> **Study material**
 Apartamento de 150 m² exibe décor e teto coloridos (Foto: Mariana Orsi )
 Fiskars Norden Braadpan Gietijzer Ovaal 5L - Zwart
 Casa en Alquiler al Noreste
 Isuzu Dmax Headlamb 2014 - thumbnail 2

---

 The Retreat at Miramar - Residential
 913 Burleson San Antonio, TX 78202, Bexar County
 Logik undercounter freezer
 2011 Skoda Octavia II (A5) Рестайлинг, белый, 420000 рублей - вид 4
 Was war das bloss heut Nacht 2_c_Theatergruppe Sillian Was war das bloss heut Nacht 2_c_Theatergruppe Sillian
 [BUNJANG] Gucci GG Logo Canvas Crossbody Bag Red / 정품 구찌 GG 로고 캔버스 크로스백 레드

---

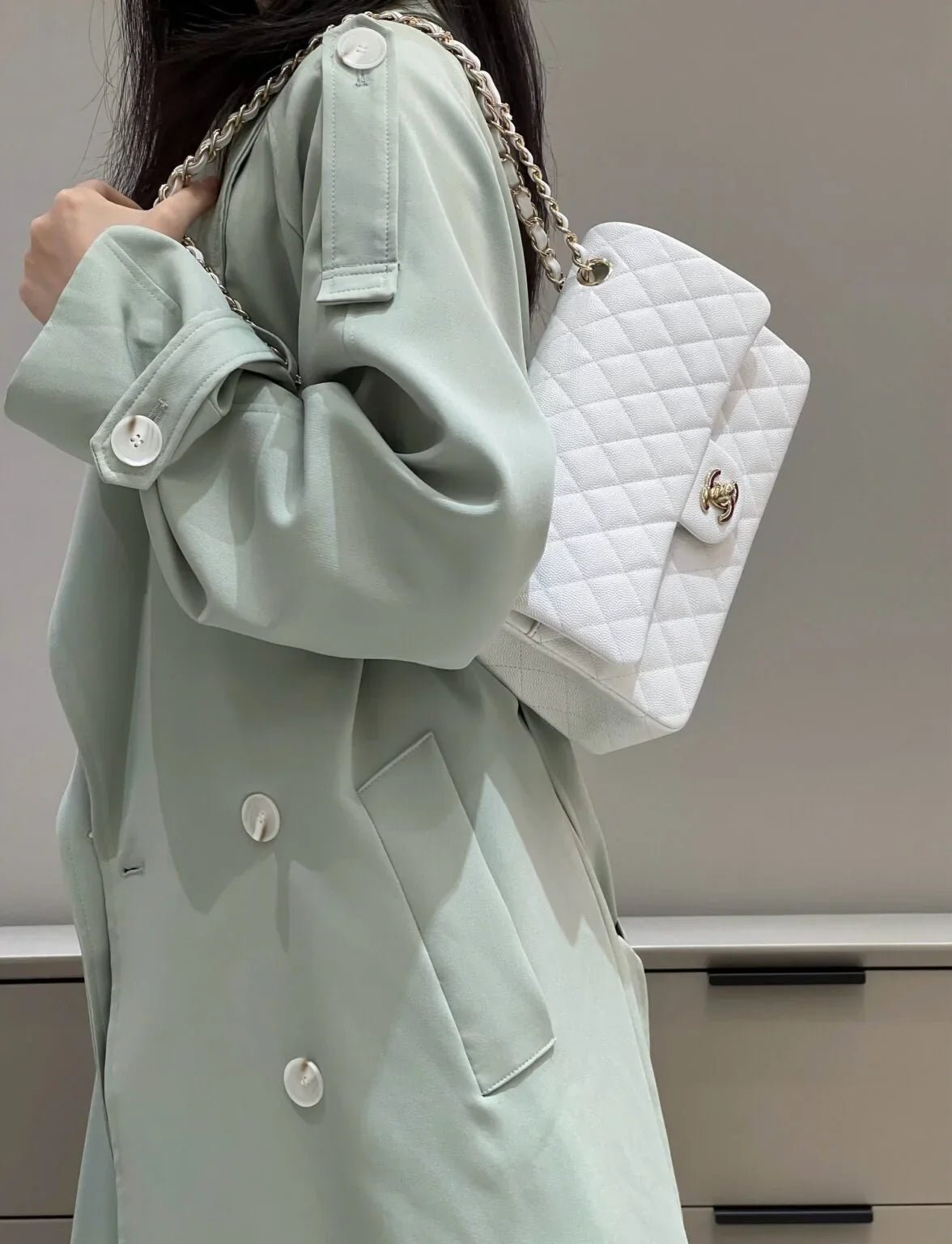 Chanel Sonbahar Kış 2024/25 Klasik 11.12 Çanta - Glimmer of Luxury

> **Prompt**
Could you reproduce exactly the lines of the entries above, from the one with "Apartamento de 150" through the one with "Isuzu Dmax Headlamb 2014 - thumbnail 2", and nothing else?

> **Expected answer**
 Apartamento de 150 m² exibe décor e teto coloridos (Foto: Mariana Orsi )
 Fiskars Norden Braadpan Gietijzer Ovaal 5L - Zwart
 Casa en Alquiler al Noreste
 Isuzu Dmax Headlamb 2014 - thumbnail 2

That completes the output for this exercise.